The following review is actually based on 3 different visits. The reason? We knew it was probably too good to be true to have 2 different types of cuisine in the one restaurant. Our first visit was on opening day. The restaurant was to full capacity, and the dishes below were what we ordered.
|Steamed pork with black bean|
|Custard bun (?)|
|Steamed tofu skin roll|
|BBQ pork pastry|
|Steamed beef with Worcestershire sauce|
|Deep fried taro|
|Mango pudding with condensed milk|
|Siu Mai - Pork dumplings|
|Deep fried tofu and prawn with black bean sauce|
Fast forward one week. Our second visit. We were hoping to catch them after the peak period, hoping to get the same tasting Yum Cha, combined with a few or our favourite Peking style dishes.
Our worst fears came to life when we noticed the dishes were smaller, saltier, poorly presented and just an overall bad tasting experience.
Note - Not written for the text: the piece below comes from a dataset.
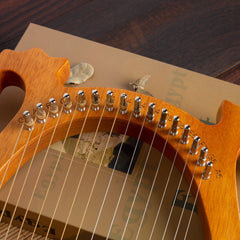 16 Strings Mahogany Harp Fit For Beginners Vintage Perfect Gift
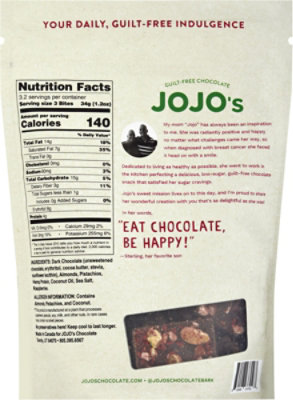 Jojos Chocolate Bites Raspberry Dream - 3.9 OZ - Image 6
It felt like it was a completely different chef making the dumplings. We knew it was too good to be true, to combine 2 different cuisines under the one roof.
We came back again, for the third time, 2 weeks later and ordered mainly Peking food, but with a few samples of Yum Cha, hoping that they would have improved. But to our disappointment, the standards had dropped. Serving sizes seemed small, tastes were salty, or bland and pastry and buns were just not to an acceptable standard.
For what its worth, Imperial Peking is still great for Peking style food, but Yum Cha can be missed, as there are plenty more out there.
Hayes gives the Yum Cha at Imperial Peking 11/20 chops on the Chopping Board.